Kathleen Wyatt has been granted permission to lodge a belated claim against multi-millionaire Dale Vince, who made his fortune through a green energy company founded in the 1990s, which is said to be worth £57m.

The couple met and married in 1981 and had a child in 1983, separating just one year later. The wife became a full-time single parent with little income and had little contact with her ex-husband.

There is no time limit in the UK within which a spouse must seek an order for financial provision following a divorce and in 2011 the wife put forward an application. This was dismissed by the Court of Appeal and the application was taken to the Supreme Court to decide whether due consideration had been given to section 25 of the Matrimonial Causes Act 1973.

Having given Ms Wyatt permission to apply, it will be up to the trial judge when the case is heard as to whether any financial order is made. The wife could argue that she cared for the child leaving her ex-husband free to succeed in his business.

Mary explains: “It is certainly unusual to hear of a claim being made after all this time but without a consent order in place, the opportunity remains open.”

“More people are thinking about pre or postnuptial agreements, following media coverage of high profile cases where these have been involved, such as German heiress Katrin Radmacher.

Certainly, they are a sensible option for anyone getting married, but they are for use at the start of the relationship to set out what you wish to have happened if things go wrong. They are not legally binding in the UK, but will be a persuasive factor if both parties received independent legal advice at the time.”

She adds: “What’s involved here is the way in which a divorce is finalised. Once you’ve reached an agreement, you can get the court to make it legally binding, by applying for what is known as a consent order and that’s what was missing in this case.”
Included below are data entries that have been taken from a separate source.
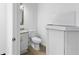 A clean half-bathroom featuring a granite vanity and white fixtures and a ceramic tile floor at 12042 Brown Bridge Rd, Covington, GA 30016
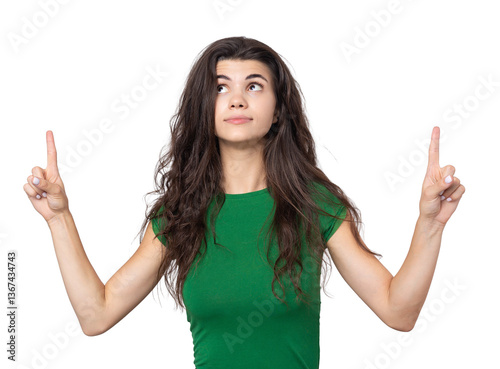 Happy young caucasian female in a shirt pointing fingers away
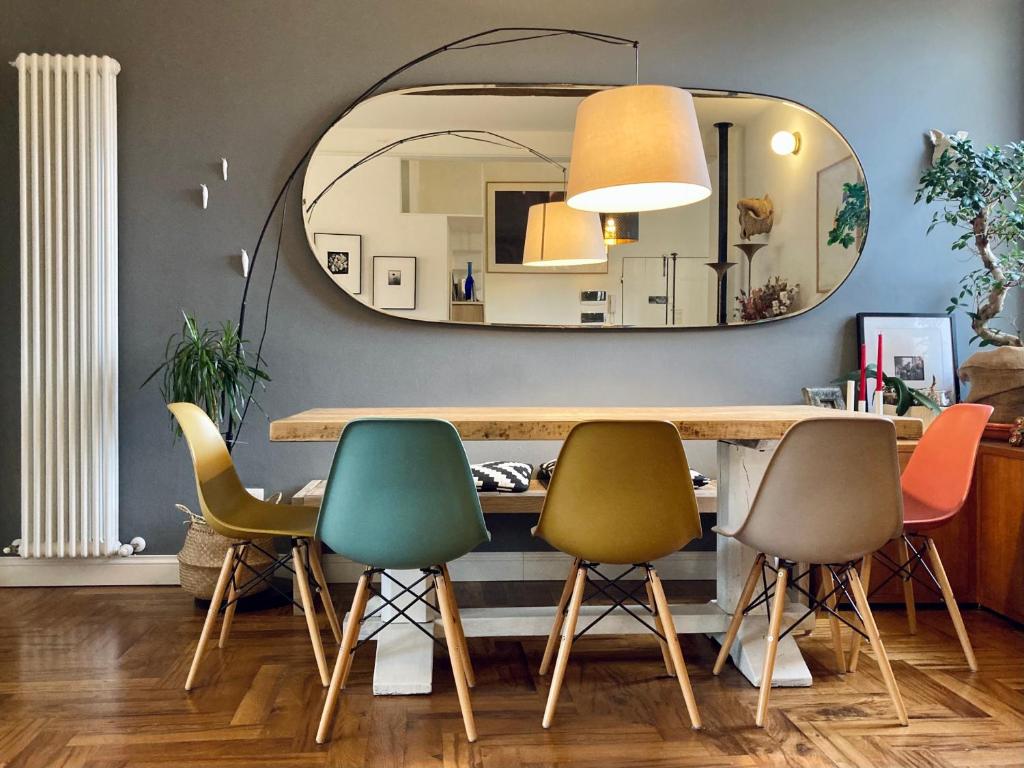 uma sala de jantar com um espelho e quatro cadeiras em Vicolo Folletto Home em Reggio Emilia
A consent order confirms what has been agreed and can include details on how assets will be divided, including cash, property, pension funds and other investments, and can also include arrangements for maintenance payments, including child maintenance. Both parties have to agree and sign the draft consent order and a judge will consider the terms to see if they appear fair and reasonable, and if so will approve the agreement to make it legally binding.

Mary adds: “Going through the process of obtaining a consent order should mean that both parties come out with a fair settlement and there will be no surprises some years down the line.”